> _What to produce_:
Output, word for word, the line that contains "Isuzu ELF TRUCK 2018-05 7961434-22" and all lines after it in the records below, omitting pictures.

= = = = =

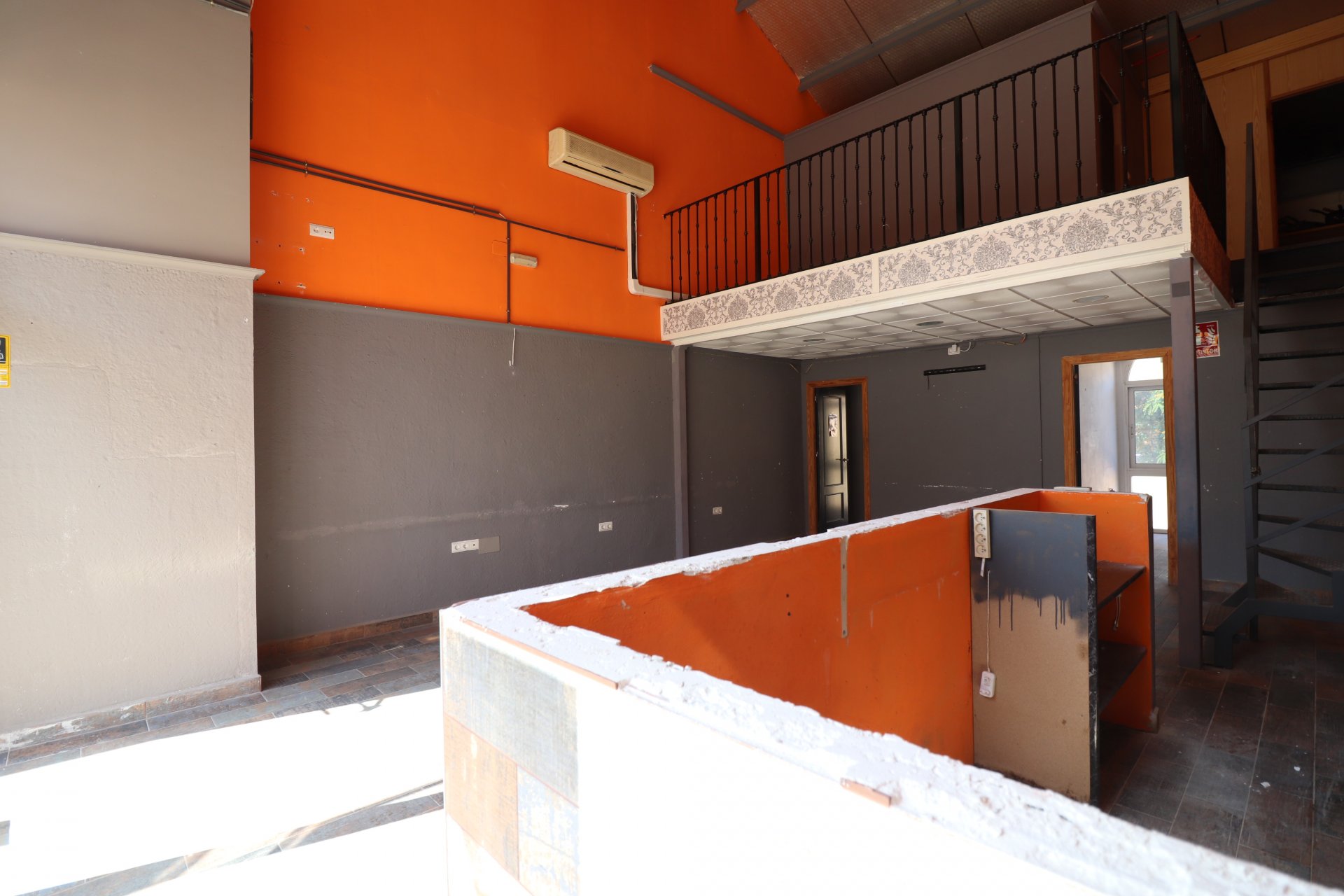 بازفروش - تجاری - Algorfa - La finca Golf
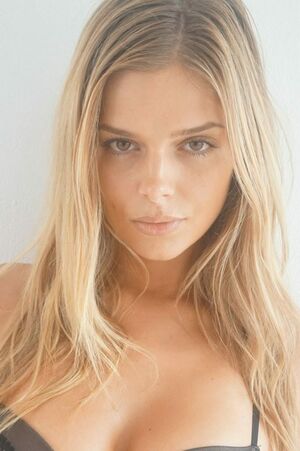 Danielle Knudson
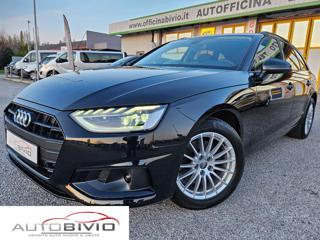 AUDI A4 usata, con Airbag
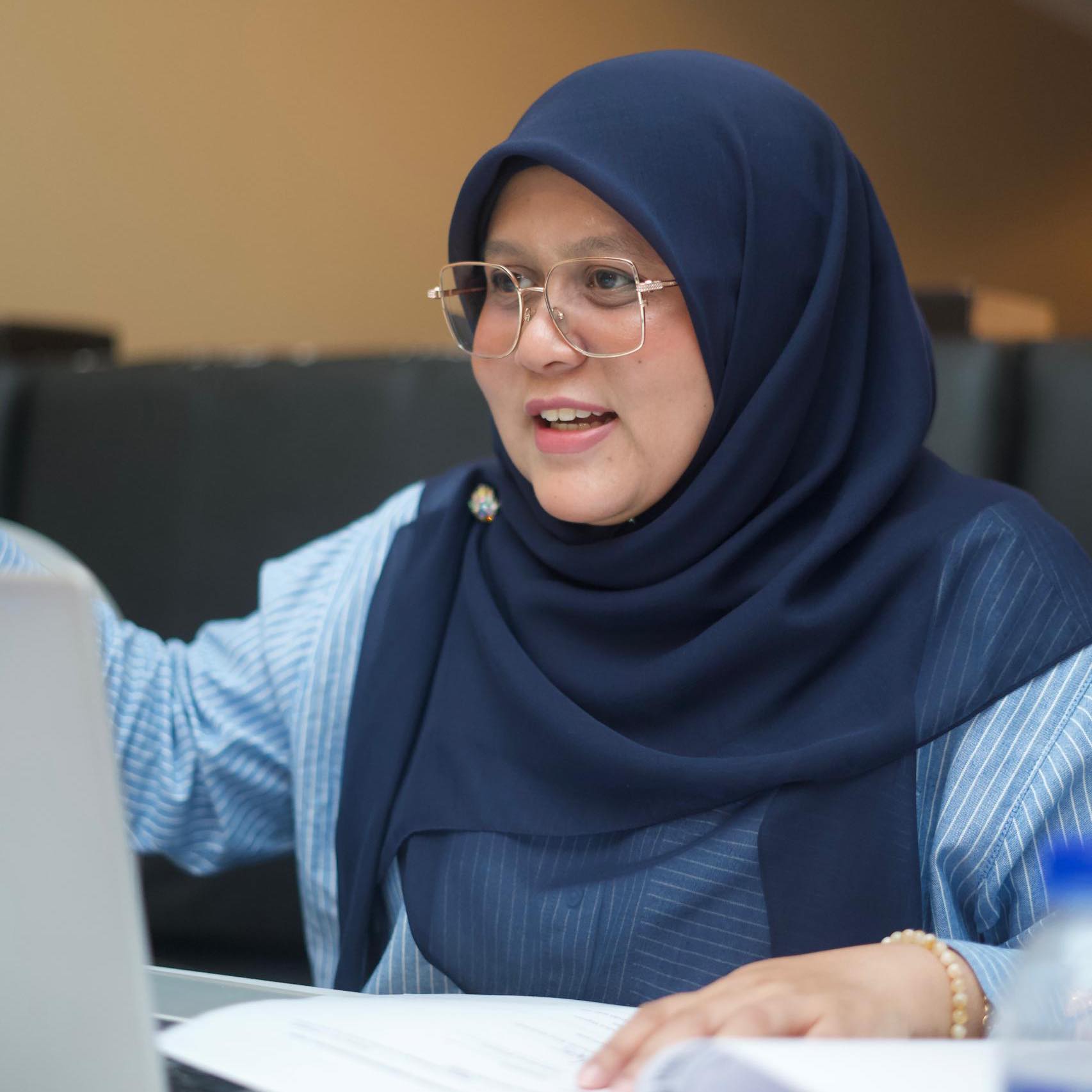 Azura Rahim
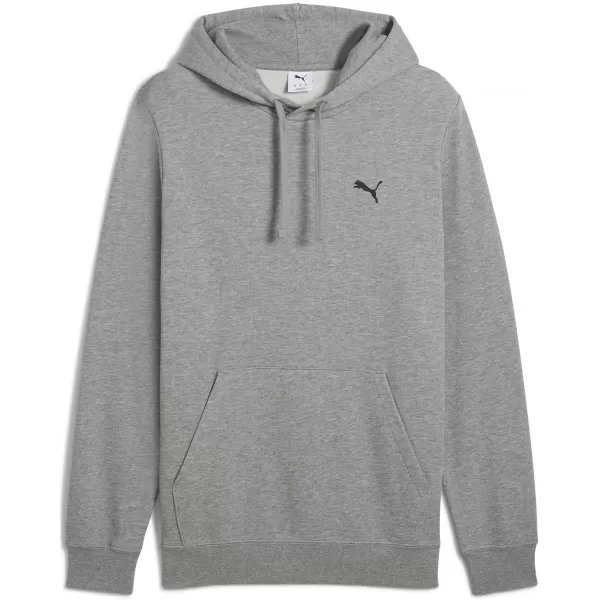  Muški sweatshirt PUMA ESS HOODIE FL 68257803 SREDNJE SIVI VRIJESAK 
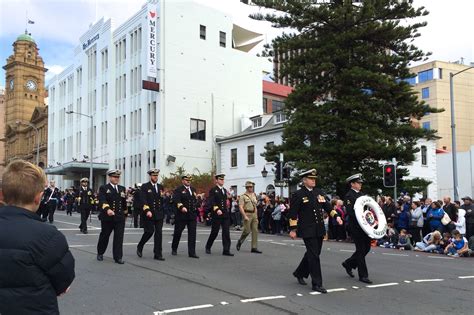 ANZAC Day Parade | RuthsArc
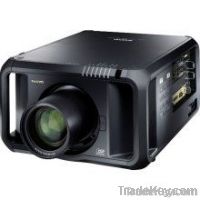 Sanyo PDG-DHT100L 1920 x 1080 DLP projector - 6500 ANSI lumens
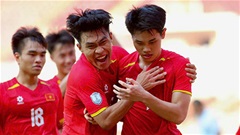 Báo Indonesia cay cú: ‘U23 Việt Nam được chủ nhà nhường cho vô địch’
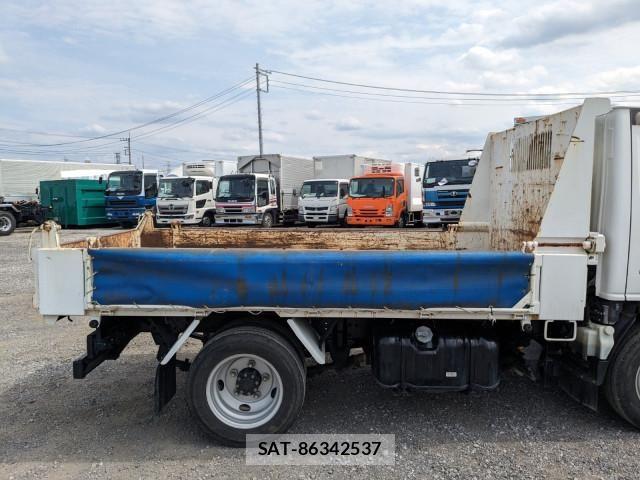 Isuzu ELF TRUCK 2018-05 7961434-22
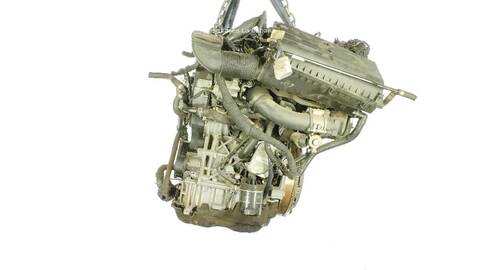 Foto 3ª: Motor Completo Volkswagen Polo 1.4 TDI (2009)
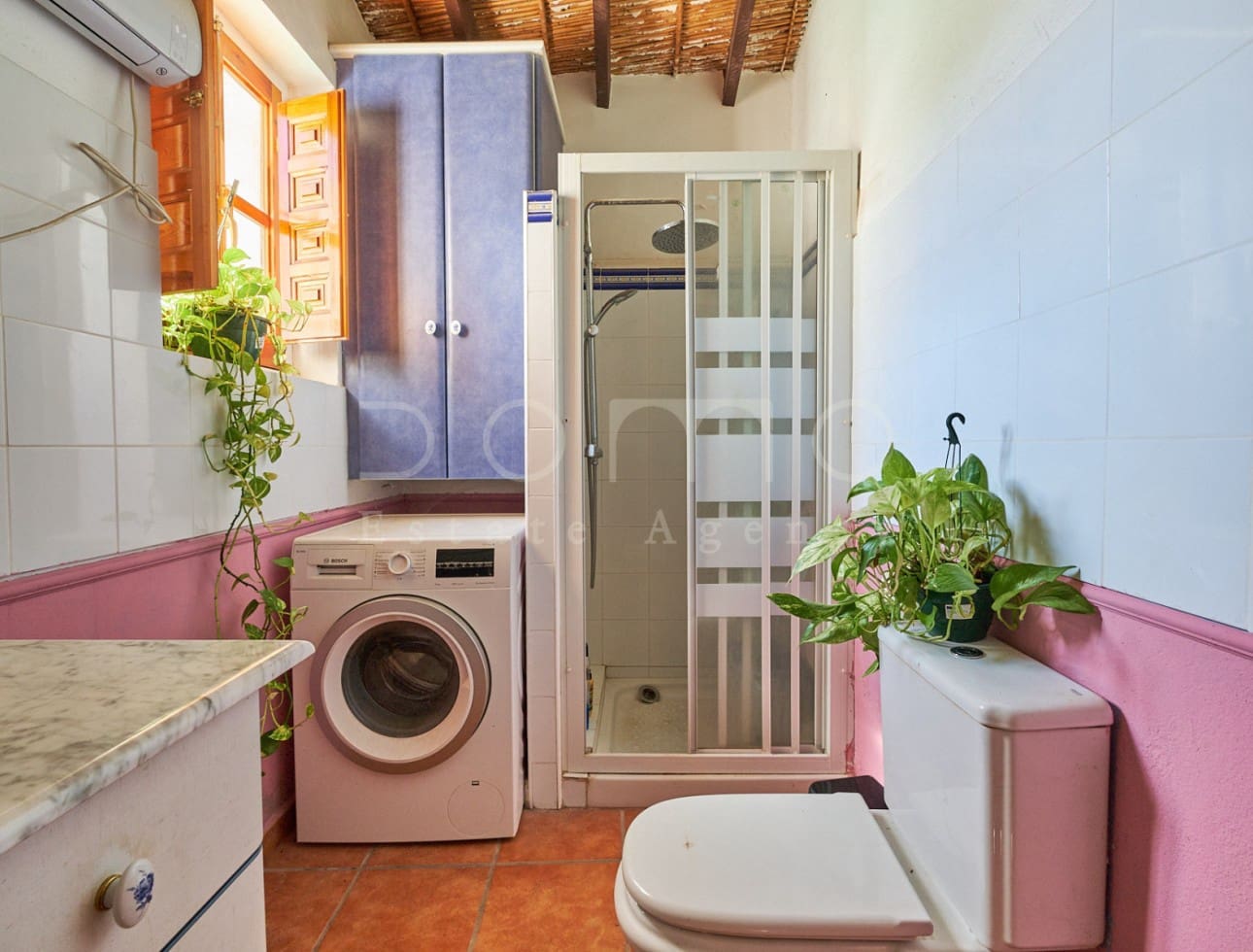 Finca/Casa Rural de 2 habitaciones en Sorbas en venta - 83.000 € (Ref: 10091341)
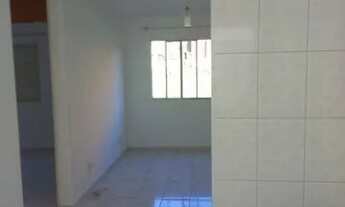 Imagem 5: APARTAMENTO DE 56 M² COM 2 DORMITÓRIOS NO CONDOMÍNIO ALPHA 1 NO JARDIM GUANABARA EM JUNDIA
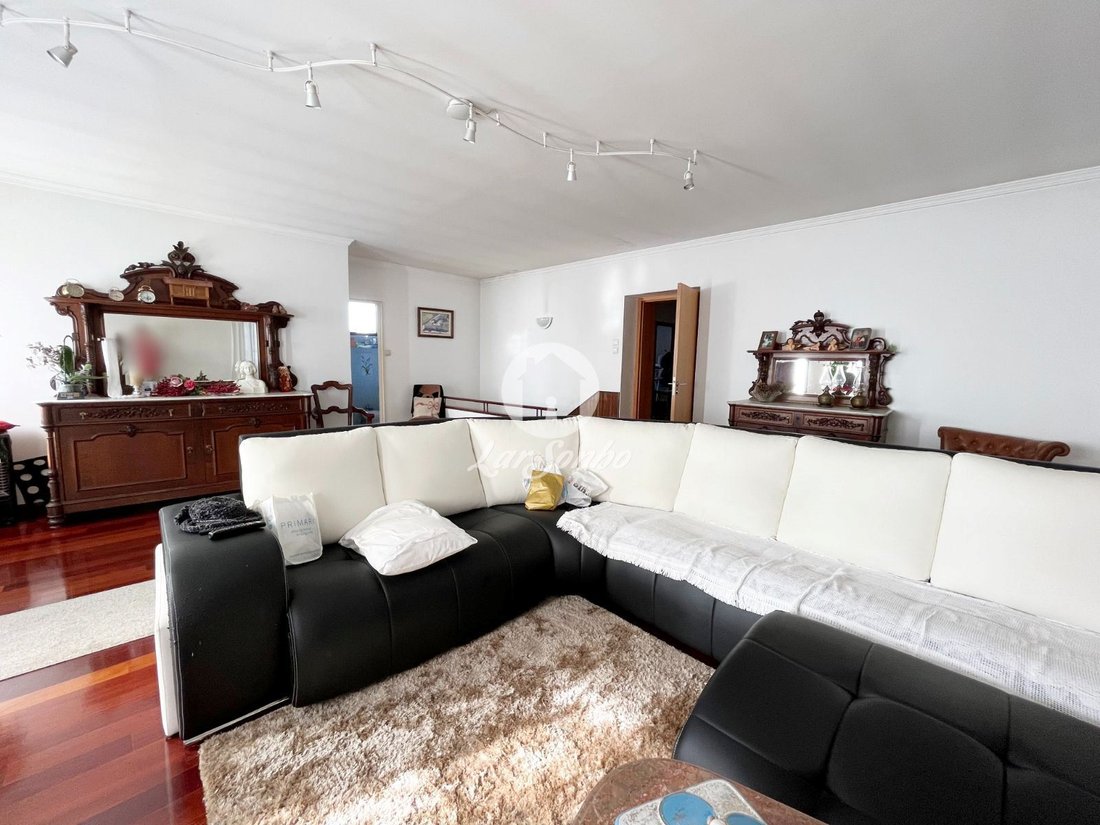 Villa in Aver-o-Mar, Amorim e Terroso, Porto District, Portugal 3 - 13376317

= = = = =

> _Worked solution_:
 Isuzu ELF TRUCK 2018-05 7961434-22
 Foto 3ª: Motor Completo Volkswagen Polo 1.4 TDI (2009)
 Finca/Casa Rural de 2 habitaciones en Sorbas en venta - 83.000 € (Ref: 10091341)
 Imagem 5: APARTAMENTO DE 56 M² COM 2 DORMITÓRIOS NO CONDOMÍNIO ALPHA 1 NO JARDIM GUANABARA EM JUNDIA
 Villa in Aver-o-Mar, Amorim e Terroso, Porto District, Portugal 3 - 13376317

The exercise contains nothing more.